• Required work: Locate the line that contains "-宽巷子成都火锅(南站店)" in the entries below, then repeat it and every following line through the line that contains "Гольф CALVIN KLEIN JEANS - белый(J20J224196)", exactly, and no others.

• Entries supplied:
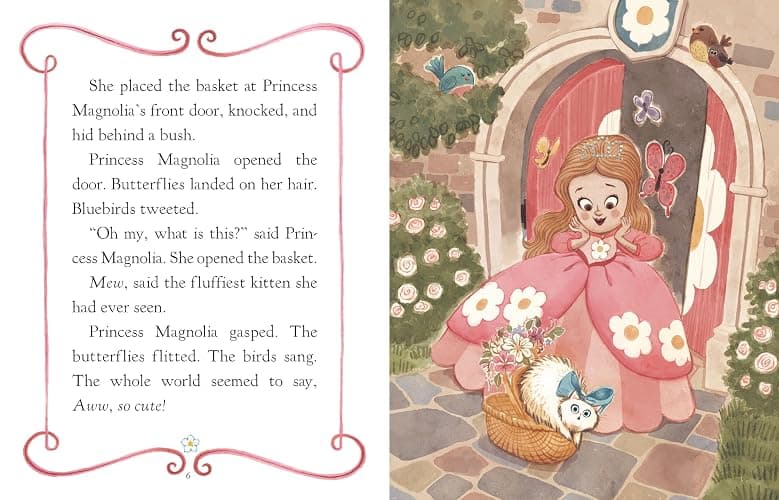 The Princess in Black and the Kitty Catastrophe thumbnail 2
...
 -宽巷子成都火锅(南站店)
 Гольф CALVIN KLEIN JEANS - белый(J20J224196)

• Task solution:
 -宽巷子成都火锅(南站店)
 Гольф CALVIN KLEIN JEANS - белый(J20J224196)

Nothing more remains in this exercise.